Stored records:
══════════════════════════════

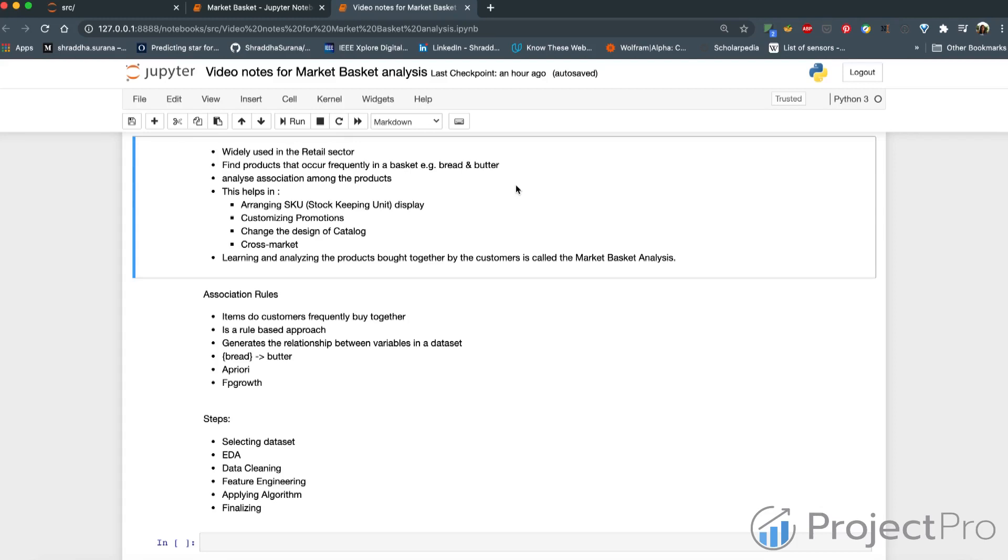Of course, market basket analysis also helps in in-store operations in terms of layout and inventory. In the next video, we'll talk about association rules and the two types which we will see in the series.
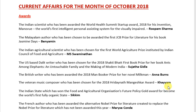Hello friends, welcome to Career Study. This is Sindhiv Kumar, and today I have the PDF files you have been requesting for a long time. The PDF files for October, November, and December — I am providing them here.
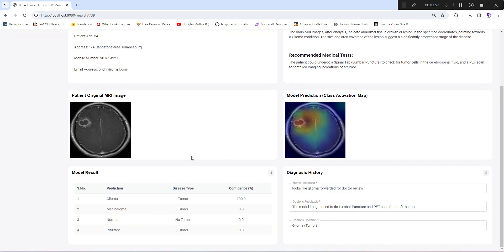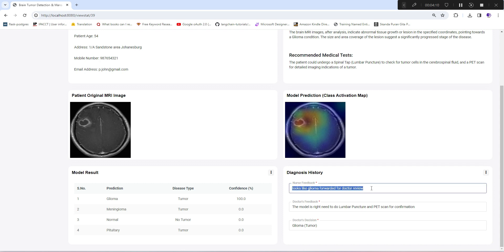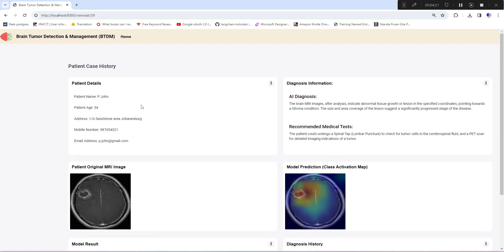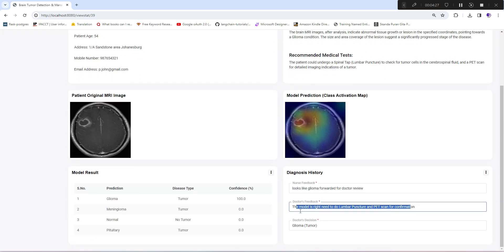Below is the model result, which shows the model's confidence, disease type, and prediction. This section is the diagnosis history where she can view what comment she gave for this case, the doctor's feedback on top of that, and the doctor's final decision.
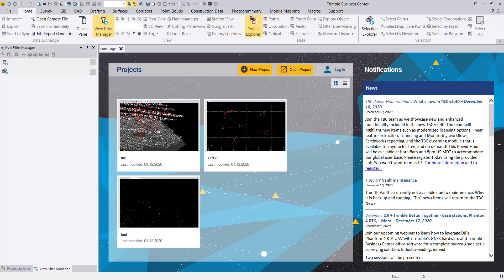Welcome to this video tutorial about Trimble Business Center and importing DJI data from the Phantom 4 into Trimble Business Center 5.4. In this video we want to show you how to process DJI Phantom 4 data without baseline processing.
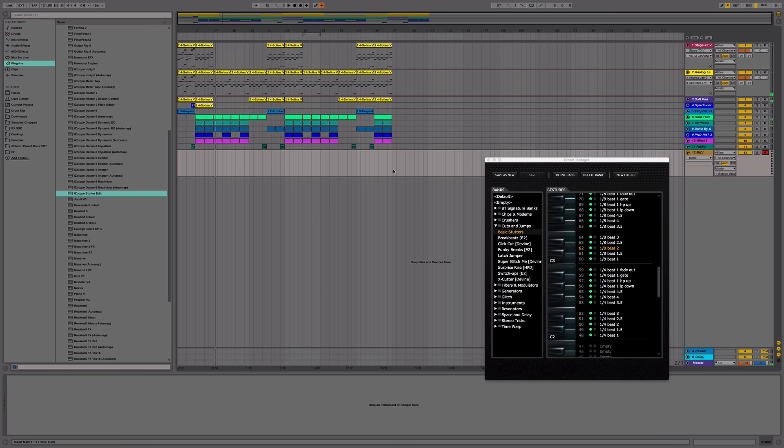So you see, pretty cool, right? Now if we wanted to record these effects, it's the same way you would record notes that you're playing on your MIDI controller. Hit the record button, hit play, and just trigger.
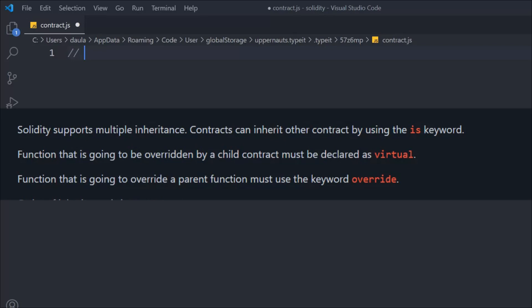Solidity is a quality programming language that supports multiple inheritance. If you want to inherit any other contract into your contract, you have to use the `is` keyword. If you want to modify any functions or the outcome of a function, you have to use the `virtual` keyword, and if you want to change the parent function itself, you have to use the `override` keyword.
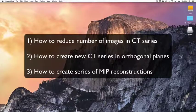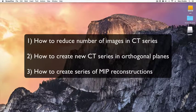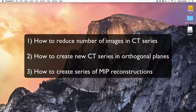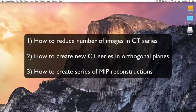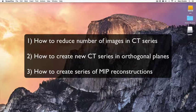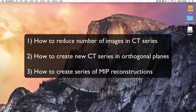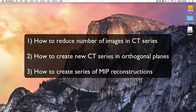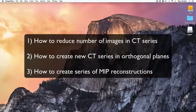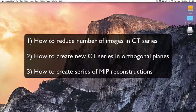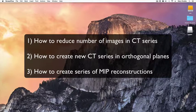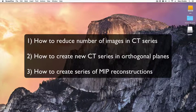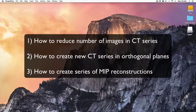In summary, this revision session has covered different ways to reduce numbers of images in CT series imported into OSIRIX Lite for teaching purposes, the creation of new series of CT images in different orthogonal planes, and how to create MIP reconstructions. I hope you found that helpful. Thank you very much.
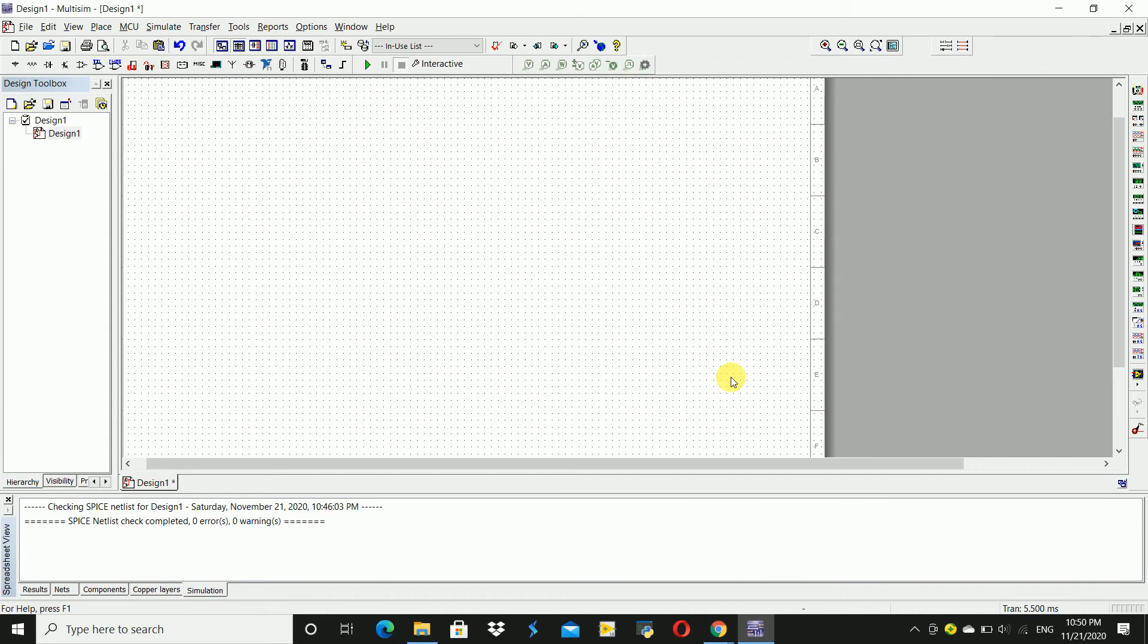Hi friends, welcome to our YouTube channel X of X. Today we are going to discuss the frequency response of a low-pass filter. For that, we are going to design a low-pass filter circuit. So go to place and component.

══════════════════════════════

| EXERCISE DESCRIPTION |
Repeat exactly, and only, the entries from the line with "Hello friends, welcome" through the line with "Below is the". Pictures are skipped.

| RESPONSE BOX |
Hello friends, welcome to Career Study. This is Sindhiv Kumar, and today I have the PDF files you have been requesting for a long time. The PDF files for October, November, and December — I am providing them here.
Below is the model result, which shows the model's confidence, disease type, and prediction. This section is the diagnosis history where she can view what comment she gave for this case, the doctor's feedback on top of that, and the doctor's final decision.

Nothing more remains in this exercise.